Difference between Z notation and sigma

[Ry122]

Homework Statement

What is the difference between this statement being expressed in z-notation and the notation shown? What are the benefits of the two and how do you do the conversion?
Nevermind about answering the question itself.

if X ~N(mu,sigma) show that P(|X-mu|<= 0.675*sigma) = 0.5

Homework Equations

The Attempt at a Solution

 

[LCKurtz]

Homework Statement

What is the difference between this statement being expressed in z-notation and the notation shown? What are the benefits of the two and how do you do the conversion?
Nevermind about answering the question itself.

if X ~N(mu,sigma) show that P(|X-mu|<= 0.675*sigma) = 0.5

Homework Equations

The Attempt at a Solution

The statement that$$
P(|X-\mu|\le .675\sigma)=.5$$is completely equivalent to$$
P\left(\frac{|X-\mu|}{\sigma}\le .675\right)=.5$$which is equivalent to$$
P\left(-.675\le \frac{X-\mu}{\sigma}\le .675\right)=.5$$Is that what you are asking?

 

[Ry122]

is that due to symmetry?

 

[LCKurtz]

is that due to symmetry?

No, it is just algebra. To get the second statement you just divide both sides of the inequality by the positive $\sigma$ and the last form just uses properties of absolute values, specifically that $|x|\le a$ is the same thing as $-a\le x \le a$.

 

[pasmith]

The only normal distribution whose cdf and inverse cdf you will find tabulated is N(0,1). If X \sim N(\mu, \sigma^2) then to use tables you have instead to work with Z = (X - \mu)/\sigma \sim N(0,1).

 

[Ry122]

what is function N()?

 

[Ray Vickson]

what is function N()?

It is exactly the same N( ) that you yourself wrote in post #1. It is actually not a function, but, rather, a name (short for "Normal" or "Normal distribution").

 

[WWGD]

No, it is just algebra. To get the second statement you just divide both sides of the inequality by the positive $\sigma$ and the last form just uses properties of absolute values, specifically that $|x|\le a$ is the same thing as $-a\le x \le a$.

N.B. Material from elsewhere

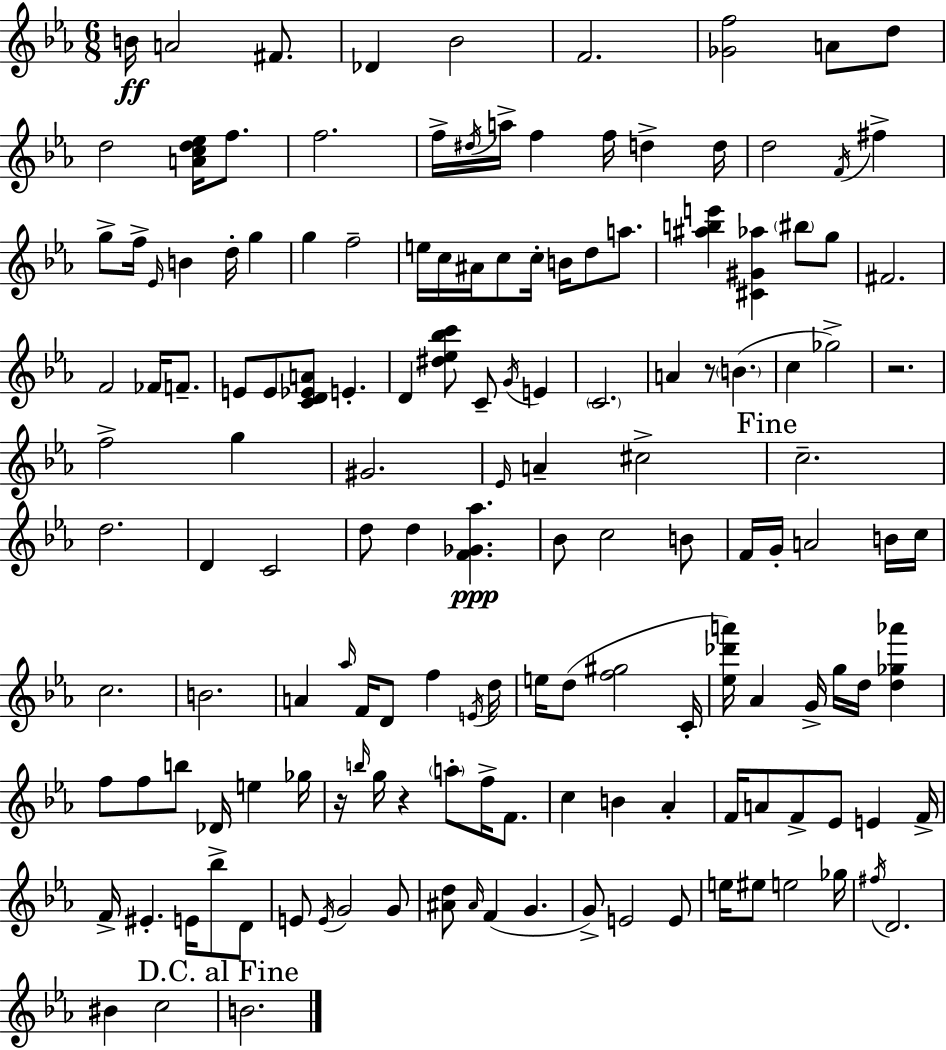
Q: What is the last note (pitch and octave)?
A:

True, but doesn't the symmetry in the algebra follow from the symmetry of the normal distribution?

 

[Ray Vickson]

True, but doesn't the symmetry in the algebra follows from the symmetry of the normal distribution?

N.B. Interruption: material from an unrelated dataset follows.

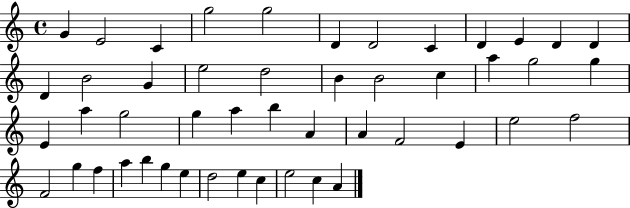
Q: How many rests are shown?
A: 0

No:. For a general density we have
P(|X-\mu| \leq a) = P(-a \leq X- \mu \leq a) = \int_{\mu-a}^{\mu+a} f(x) \, dx,
whether or not $f$ possesses any symmetry properties.

 

[vela]

I don't think so. There's absolutely no information about the normal distribution that goes into the algebraic manipulations LCKurtz showed above. The same algebra would have been used if X obeyed a completely different distribution.

 

[WWGD]

What I meant is that the original formula, in the OP is satisfied by the normal, i.e. $, P((|X- \mu|)/\sigma <0.675)$ reflects the symmetry of the normal. Obviously, $|x|< a \rightarrow -a<x<a$ follows straightforward from definition of absolute value. But I guess the OP was referring to the derivation $P(|x- \mu|/\sigma< 0.675 \rightarrow -0.675 \sigma < P(|x-\mu| )< 0.675 \sigma$, so my bad, I jumped in without reading carefully.

 

[HallsofIvy]

True, but doesn't the symmetry in the algebra follow from the symmetry of the normal distribution?

It follows from the "symmetry" in the absolute value.

 

[WWGD]

It follows from the "symmetry" in the absolute value.

Please check my last post, since I corrected myself. I was referring to something different.

 

[micromass]

$P(|x- \mu|/\sigma< 0.675 \rightarrow -0.675 \sigma < P(|x-\mu| )< 0.675 \sigma$

Why would that hold? What does $\mathbb{P}(|X-\mu)|)$ even mean?

 

[WWGD]

Why would that hold? What does $\mathbb{P}(|X-\mu)|)$ even mean?

$\mathb {P}(|x- \mu|)$ doesn't mean anything, what I wrote was $P(|x-\mu|<\sigma (.675))$ , which means $P( -0.675 \sigma < x- \mu < 0.675\sigma )$. Anyway, I jumped in without reading carefully and I wrote something that is pointless here.

All I was trying to say (replying to no one but my own head) was that , by symmetry of the normal, $P( x-\mu< \sigma) =P(x-\mu > -\sigma )$ , which is not true for all distributions.